This spectacular portrait of Lady Frances Marsham, not seen on the market since the late-19th century, is exceptionally well preserved and a superb example of a full length by Reynolds from the 1770s, the decade in which he would secure his reputation as the dominant artistic figure of the age of George III.
Between 1773 and 1779 Reynolds exhibited no fewer than sixteen female full-length portraits of celebrated aristocratic ‘beauties’ at the Royal Academy. The middle years of that decade witnessed some of the artist’s great masterpieces in the genre; in 1776, the year his celebrated portrait of Omai was shown at the Academy, Reynolds also exhibited full-lengths of Georgiana, Duchess of Devonshire (San Marino, The Huntington Art Gallery) and Mrs Lloyd (Buckinghamshire, Waddesdon Manor). The present picture, dated by David Mannings to circa 1775 (loc. cit.), was shown in 1777 alongside portraits of Lady Bampfylde (London, Tate Britain) and The Countess of Derby, a work later destroyed by her husband, Edward, 12th Earl of Derby, after she left him. This portrait of Lady Frances received particular praise from the reviewer of the exhibition for the Morning Post (25 April 1777) who reported: ‘The best portrait of the three being a whole length of Lady Frances Marsham’.
In devising Frances Marsham’s pose, Reynolds echoes an earlier portrait of Mrs Thomas Riddell, whom he had painted in 1763 (Newcastle, Laing Art Gallery). In the Marsham portrait, Reynolds places the sitter slightly off-centre, thereby engendering a sense of immediacy and informality. Lady Frances, who is shown in a satin gown with her powdered hair worn high in the characteristically exaggerated fashion of the day, appears to have just entered the scene, her diaphanous shawl still billowing as she momentarily pauses and gestures towards the open park landscape.
The present picture is in remarkably original condition. The artist was notoriously experimental with materials and techniques, and such was his preoccupation with surface effects – a result of his lifelong admiration for the old masters, particularly Titian and Rembrandt – that many of his pictures needed to be restored during his own lifetime. Many have since suffered from natural deterioration and imprudent restoration. However, in this picture the paint texture and impasto, most notably in the use of lead white for the highlights in the sitter’s shawl, are beautifully preserved. The full breadth of the artist’s masterful handling is wonderfully tangible in the broad gestural brushstrokes, and use of the palette knife in the tree and foliage. This rapid and loose handling of the brush is in striking contrast to the carefully rendered detail of the wild flowers on the woodland floor. The virtuoso execution serves to remind us that Reynolds delighted in the painting of landscapes and found the genre immensely rewarding.

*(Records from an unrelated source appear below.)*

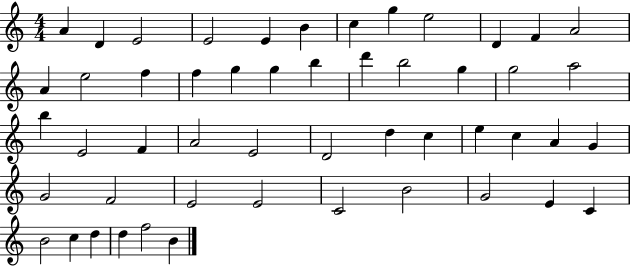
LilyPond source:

{
  \clef treble
  \numericTimeSignature
  \time 4/4
  \key c \major
  a'4 d'4 e'2 | e'2 e'4 b'4 | c''4 g''4 e''2 | d'4 f'4 a'2 | \break a'4 e''2 f''4 | f''4 g''4 g''4 b''4 | d'''4 b''2 g''4 | g''2 a''2 | \break b''4 e'2 f'4 | a'2 e'2 | d'2 d''4 c''4 | e''4 c''4 a'4 g'4 | \break g'2 f'2 | e'2 e'2 | c'2 b'2 | g'2 e'4 c'4 | \break b'2 c''4 d''4 | d''4 f''2 b'4 | \bar "|."
}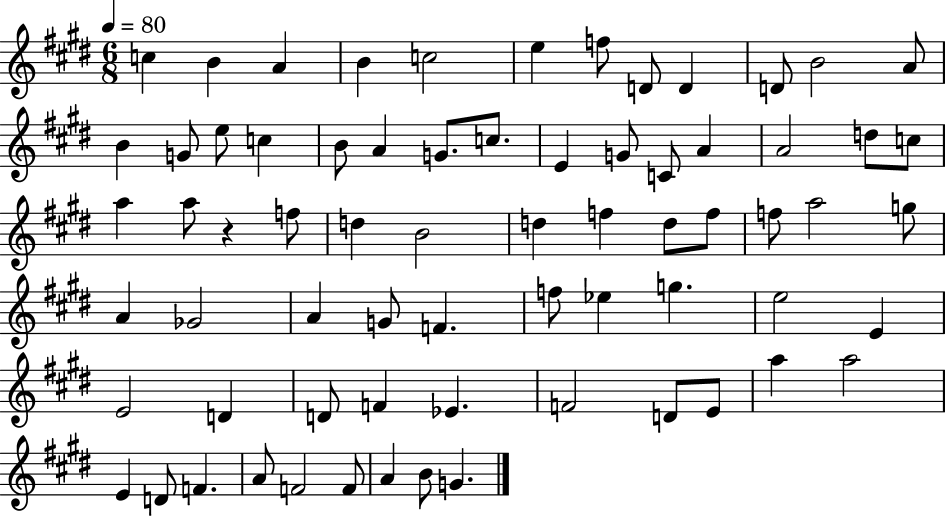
{
  \clef treble
  \numericTimeSignature
  \time 6/8
  \key e \major
  \tempo 4 = 80
  c''4 b'4 a'4 | b'4 c''2 | e''4 f''8 d'8 d'4 | d'8 b'2 a'8 | \break b'4 g'8 e''8 c''4 | b'8 a'4 g'8. c''8. | e'4 g'8 c'8 a'4 | a'2 d''8 c''8 | \break a''4 a''8 r4 f''8 | d''4 b'2 | d''4 f''4 d''8 f''8 | f''8 a''2 g''8 | \break a'4 ges'2 | a'4 g'8 f'4. | f''8 ees''4 g''4. | e''2 e'4 | \break e'2 d'4 | d'8 f'4 ees'4. | f'2 d'8 e'8 | a''4 a''2 | \break e'4 d'8 f'4. | a'8 f'2 f'8 | a'4 b'8 g'4. | \bar "|."
}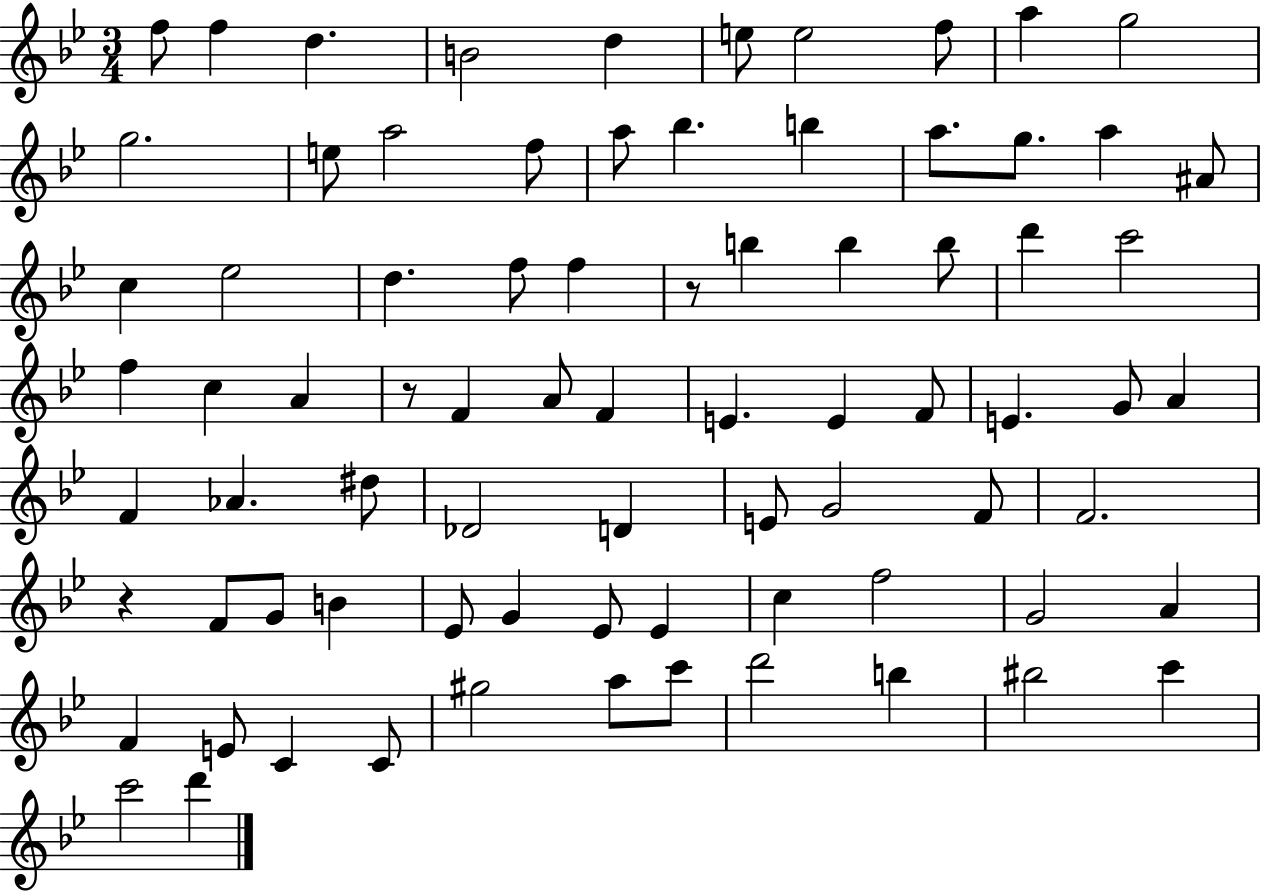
{
  \clef treble
  \numericTimeSignature
  \time 3/4
  \key bes \major
  f''8 f''4 d''4. | b'2 d''4 | e''8 e''2 f''8 | a''4 g''2 | \break g''2. | e''8 a''2 f''8 | a''8 bes''4. b''4 | a''8. g''8. a''4 ais'8 | \break c''4 ees''2 | d''4. f''8 f''4 | r8 b''4 b''4 b''8 | d'''4 c'''2 | \break f''4 c''4 a'4 | r8 f'4 a'8 f'4 | e'4. e'4 f'8 | e'4. g'8 a'4 | \break f'4 aes'4. dis''8 | des'2 d'4 | e'8 g'2 f'8 | f'2. | \break r4 f'8 g'8 b'4 | ees'8 g'4 ees'8 ees'4 | c''4 f''2 | g'2 a'4 | \break f'4 e'8 c'4 c'8 | gis''2 a''8 c'''8 | d'''2 b''4 | bis''2 c'''4 | \break c'''2 d'''4 | \bar "|."
}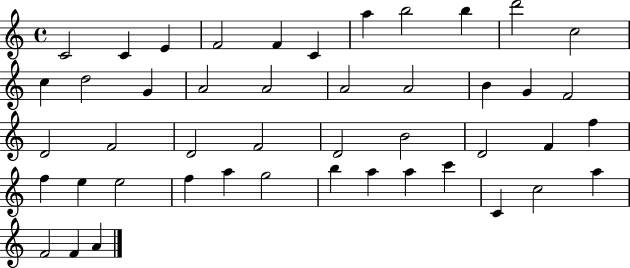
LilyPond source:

{
  \clef treble
  \time 4/4
  \defaultTimeSignature
  \key c \major
  c'2 c'4 e'4 | f'2 f'4 c'4 | a''4 b''2 b''4 | d'''2 c''2 | \break c''4 d''2 g'4 | a'2 a'2 | a'2 a'2 | b'4 g'4 f'2 | \break d'2 f'2 | d'2 f'2 | d'2 b'2 | d'2 f'4 f''4 | \break f''4 e''4 e''2 | f''4 a''4 g''2 | b''4 a''4 a''4 c'''4 | c'4 c''2 a''4 | \break f'2 f'4 a'4 | \bar "|."
}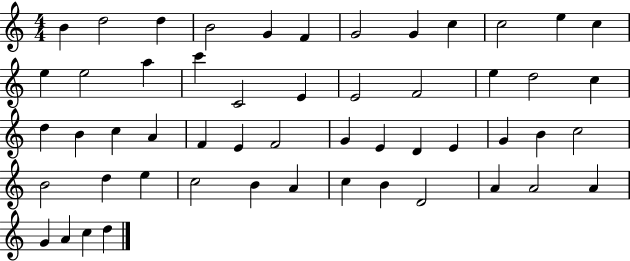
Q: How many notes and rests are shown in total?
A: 53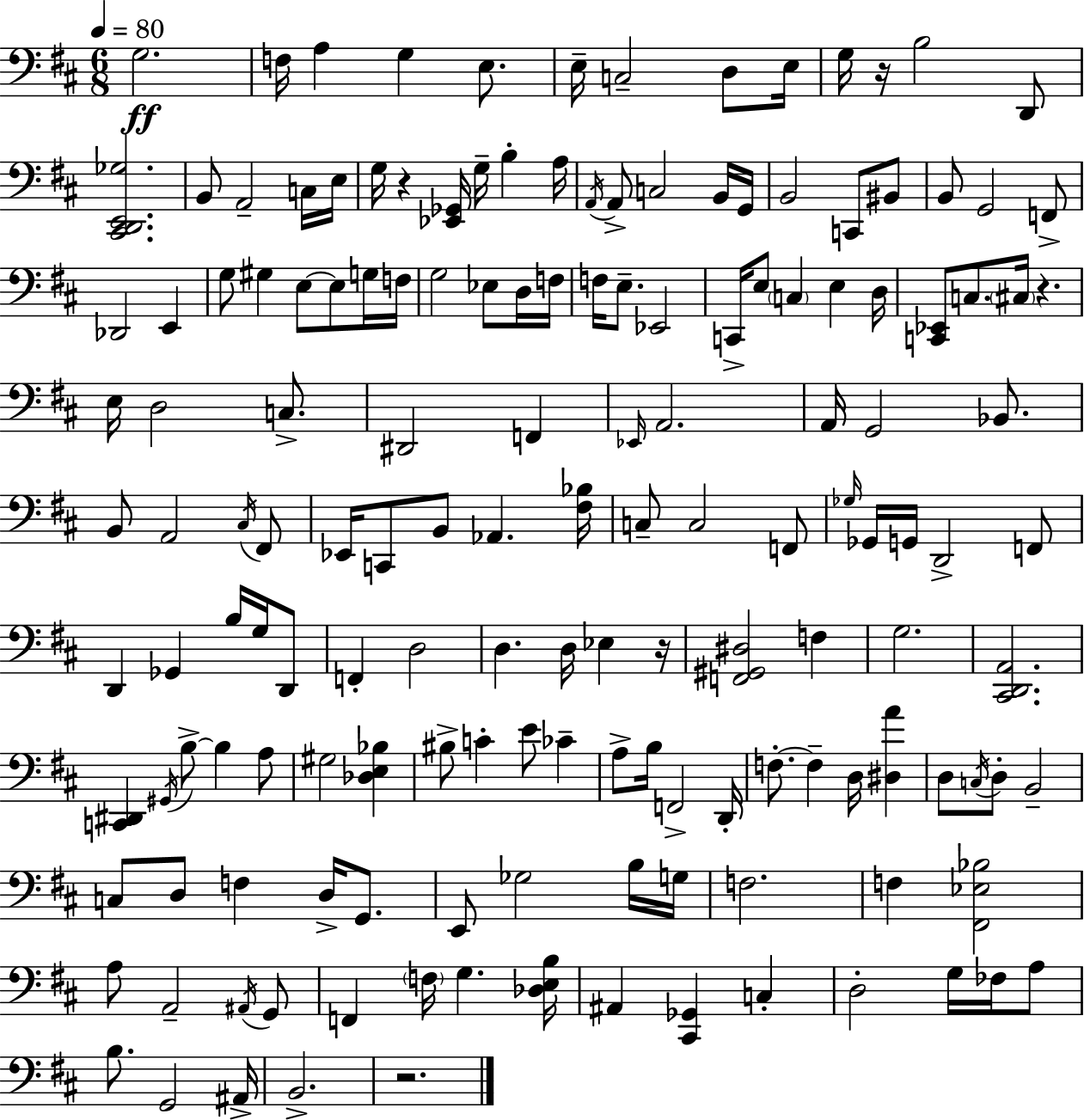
{
  \clef bass
  \numericTimeSignature
  \time 6/8
  \key d \major
  \tempo 4 = 80
  g2.\ff | f16 a4 g4 e8. | e16-- c2-- d8 e16 | g16 r16 b2 d,8 | \break <cis, d, e, ges>2. | b,8 a,2-- c16 e16 | g16 r4 <ees, ges,>16 g16-- b4-. a16 | \acciaccatura { a,16 } a,8-> c2 b,16 | \break g,16 b,2 c,8 bis,8 | b,8 g,2 f,8-> | des,2 e,4 | g8 gis4 e8~~ e8 g16 | \break f16 g2 ees8 d16 | f16 f16 e8.-- ees,2 | c,16-> e8 \parenthesize c4 e4 | d16 <c, ees,>8 c8. \parenthesize cis16 r4. | \break e16 d2 c8.-> | dis,2 f,4 | \grace { ees,16 } a,2. | a,16 g,2 bes,8. | \break b,8 a,2 | \acciaccatura { cis16 } fis,8 ees,16 c,8 b,8 aes,4. | <fis bes>16 c8-- c2 | f,8 \grace { ges16 } ges,16 g,16 d,2-> | \break f,8 d,4 ges,4 | b16 g16 d,8 f,4-. d2 | d4. d16 ees4 | r16 <f, gis, dis>2 | \break f4 g2. | <cis, d, a,>2. | <c, dis,>4 \acciaccatura { gis,16 } b8->~~ b4 | a8 gis2 | \break <des e bes>4 bis8-> c'4-. e'8 | ces'4-- a8-> b16 f,2-> | d,16-. f8.-.~~ f4-- | d16 <dis a'>4 d8 \acciaccatura { c16 } d8-. b,2-- | \break c8 d8 f4 | d16-> g,8. e,8 ges2 | b16 g16 f2. | f4 <fis, ees bes>2 | \break a8 a,2-- | \acciaccatura { ais,16 } g,8 f,4 \parenthesize f16 | g4. <des e b>16 ais,4 <cis, ges,>4 | c4-. d2-. | \break g16 fes16 a8 b8. g,2 | ais,16-> b,2.-> | r2. | \bar "|."
}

The sitter was the daughter of Charles Wyndham, 2nd Earl of Egremont (1710-1763), and his wife the Hon. Alicia Maria Carpenter. On 30 August 1776 she married Charles Marsham (1744-1811), the son of Robert Marsham, 2nd Baron Romney and Priscilla Pym. The sitter’s husband was M.P. for Maidstone in Kent between 1768-1774 and was later Lord Lieutenant of the county from 1797-1808. In 1799 he entertained King George III at their seat, Moat House, Maidstone, when the king reviewed three thousand of the Kentish volunteers. Succeeding as 3rd Baron Romney in 1793, he was created Viscount Marsham of the Mote in the County of Kent, and Earl of Romney in 1801.

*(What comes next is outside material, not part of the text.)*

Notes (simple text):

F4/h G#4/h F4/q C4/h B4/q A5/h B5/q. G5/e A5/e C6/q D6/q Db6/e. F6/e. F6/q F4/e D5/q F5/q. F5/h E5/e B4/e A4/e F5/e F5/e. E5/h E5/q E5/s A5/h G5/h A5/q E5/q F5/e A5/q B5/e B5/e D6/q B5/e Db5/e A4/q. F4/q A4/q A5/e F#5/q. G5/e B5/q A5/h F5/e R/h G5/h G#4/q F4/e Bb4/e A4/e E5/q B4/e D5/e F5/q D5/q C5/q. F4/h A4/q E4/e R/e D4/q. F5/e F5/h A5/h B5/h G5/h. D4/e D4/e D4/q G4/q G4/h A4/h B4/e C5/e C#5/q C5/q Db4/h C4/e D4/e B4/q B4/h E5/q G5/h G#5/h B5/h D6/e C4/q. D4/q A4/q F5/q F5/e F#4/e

The sitter’s father, who served as Secretary of State in the Earl of Bute’s government, was a significant collector and patron of the arts. Lord Egremont employed Matthew Brettingham, the executant architect of Holkham Hall, at Petworth House, his seat in Sussex, and commissioned him to design Egremont House in Piccadilly. This celebrated London palace overlooking Green Park would house one of the finest mid-18th-century picture collections in England until the house was sold in 1794 by the sitter’s brother, George, the 3rd Earl, and the contents moved to Petworth. The 3rd Earl’s seventy-five year reign at Petworth is regarded as the house’s golden age, and at his death in 1837 there were (and remain) more than 600 pictures in the collection, including twenty portraits by van Dyck and the same number of works by Lord Egremont’s friend, J.M.W. Turner.

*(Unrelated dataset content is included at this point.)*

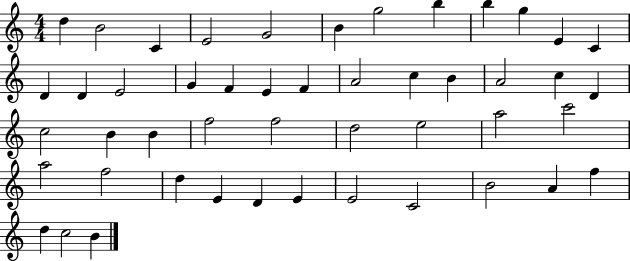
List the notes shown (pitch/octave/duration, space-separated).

D5/q B4/h C4/q E4/h G4/h B4/q G5/h B5/q B5/q G5/q E4/q C4/q D4/q D4/q E4/h G4/q F4/q E4/q F4/q A4/h C5/q B4/q A4/h C5/q D4/q C5/h B4/q B4/q F5/h F5/h D5/h E5/h A5/h C6/h A5/h F5/h D5/q E4/q D4/q E4/q E4/h C4/h B4/h A4/q F5/q D5/q C5/h B4/q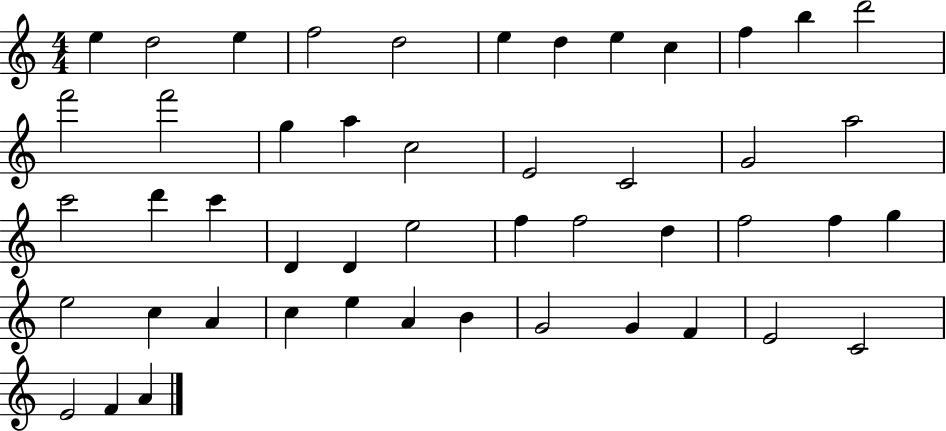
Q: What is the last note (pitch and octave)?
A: A4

Acquired by Lord Burton for Chesterfeld House, this portrait of Lady Romney, his most expensive purchase during a sustained period of collecting, was paired with another exceptional full-length female portrait by Reynolds of Lady Sunderlin (fig. 1; Berlin, Gemäldegalerie) as the principal over-mantels in the Ball Room. A three-quarter-length version of the present picture, painted for Lady Frances’s sister and her husband, Lord Carnarvon, and described by Mannings as ‘a studio replica’ (loc. cit., p. 328, no. 1224), is in a British private collection.